La mayor parte del territorio asturiano que está cubierto por arbolado lo está desde hace relativamente poco tiempo, hablando en términos de longevidad arbórea, por lo que es muy raro que en nuestra tierra podamos admirar grandes ejemplares. Salvo honrosas excepciones, que las hay, nuestros bosques naturales actuales vienen a ser el resultado del abandono de tierras agrarias o la evolución de pastos marginales, que, poco a poco, han sido recolonizados por los árboles que durante milenios fueron castigados por el fuego, para generar praderas, o por el hacha perseguidora de leña o madera y, más modernamente, por minas a cielo abierto, escombreras, repoblaciones con especies foráneas y eso que se llaman modernas infraestructuras.

Así las cosas, la posibilidad de admirar árboles -autóctonos o no- de gran talla deviene en un hecho sorprendente en Asturias; ¡si hasta nuestros parques más señeros sufren desde hace años de podas y desmoches, en una especie de afán por desfigurar sus siluetas!

Hay algo que parece molestar en esta santa tierra y que no ocurre en otros lugares (Portugal y León, sin ir más lejos). Disfrazado con alguna excusa fácilmente rebatible (facilitar la pesca, peligrosidad para viandantes, impedir alguna vista, ser foráneos, etcétera), el dedo acusador apunta continuamente a grandes árboles y, poco a poco, van cayendo.

Un par de ejemplos pueden clarificar lo que estoy diciendo. Hace relativamente poco tiempo un conjunto notable de chopos -40 a 60 años-, que vivían en la orilla del Nalón, en Soto de Rey, fue arrasado, destrozando en su caída gran parte de un bosque de ribera que albergaba una floreciente comunidad de aves acuáticas, algunas más que raras en nuestra región y de las que los ornitólogos esperábamos un futuro reproductor (alguien dijo que es que los árboles podían caer sobre los paseantes de una moderna senda fluvial). La última vez que me acerqué a Muniellos contemplé con gran pena cómo faltaban otros grandes chopos de la orilla del río en Tablizas; seguramente les llegó la muerte por ser alóctonos o por quitar vistas al bosque. Aquellos árboles estaban cubiertos por varias especies de grandes líquenes foliáceos, tan sensibles a la calidad del aire que han desaparecido de extensos territorios europeos; incluso en algunos países civilizados hasta los investigadores están intentando reintroducirlos; ¡si al menos se hubiera donado tan gran biomasa de seres vivos a alguna institución científica su muerte habría servido para algo!

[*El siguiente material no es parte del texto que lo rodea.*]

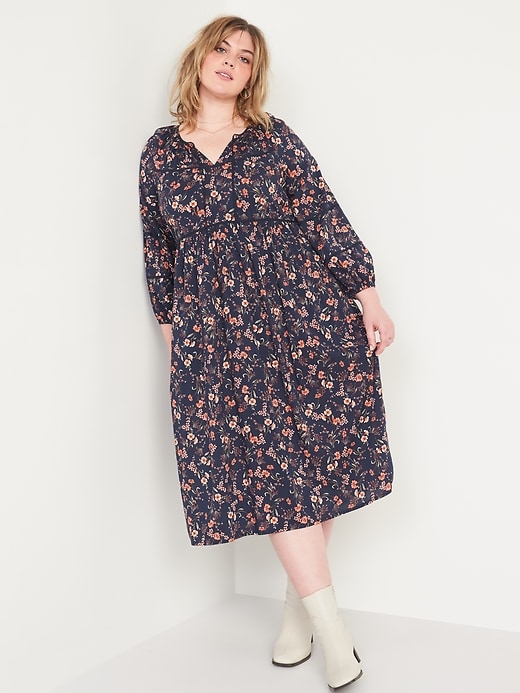 Image number 7 showing, Puff-Sleeved Floral-Print Midi Poet Swing Dress for Women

En los últimos tiempos vuelve a hablarse de la necesidad de integrar nuestros montes en la economía regional, explotándolos desde una perspectiva silvicultural. Aunque no es una mala idea, es una idea recurrente que nunca ha llegado a cuajar, y eso por no enmarcarla en un criterio de sostenibilidad que requiere muchos años de inmovilizado antes de recoger los beneficios. La política forestal hecha a base de modas (castaños para duelas y para frutos, eucaliptos para papel, pinos americanos para lo que sea, pastos para pastar y, ahora, biomasa energética para quemar) nos ha llenado de cultivos en detrimento de nuestros bosques autóctonos y de una auténtica política forestal propia, con una componente medioambiental clara y con unos objetivos económicos correctamente establecidos; las modas conducen al hambre para mañana, pues no permiten establecer un futuro identitario claro. No hace falta volver al madreñero autosuficiente, pero sí sería necesario desarrollar un sector industrial propio de las maderas nobles capaz de sustentar un entramado de ebanisterías y carpinterías, sostenedoras, asimismo, de grandes extensiones de bosque autóctono, que no es sino lo que nuestra naturaleza nos regala a pesar de que reiteradamente lo dilapidemos.

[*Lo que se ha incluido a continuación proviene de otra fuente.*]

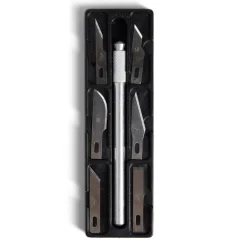 Gifi Outils Bricolage^Cutter de précision 7 lames incluses métal gris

Por cierto, para los amantes de los grandes tesoros ocultos, en Peloño, cerca del impresionante y divulgado Roblón de Bustiello, hay otro que tampoco tiene nada que envidiar a los gigantes de Muniellos ni a los de Polonia, y que seguramente está allí desde mucho antes de la caída de Granada; yo lo llamo «el roble de Juan Granda», para reconocer a un amigo que lleva casi toda su vida laboral vinculada a aquel rincón de la naturaleza pongüeta. Cuando en Asturias vivan muchos miles de estos grandes robles será porque la política forestal ha sido la correcta durante siglos.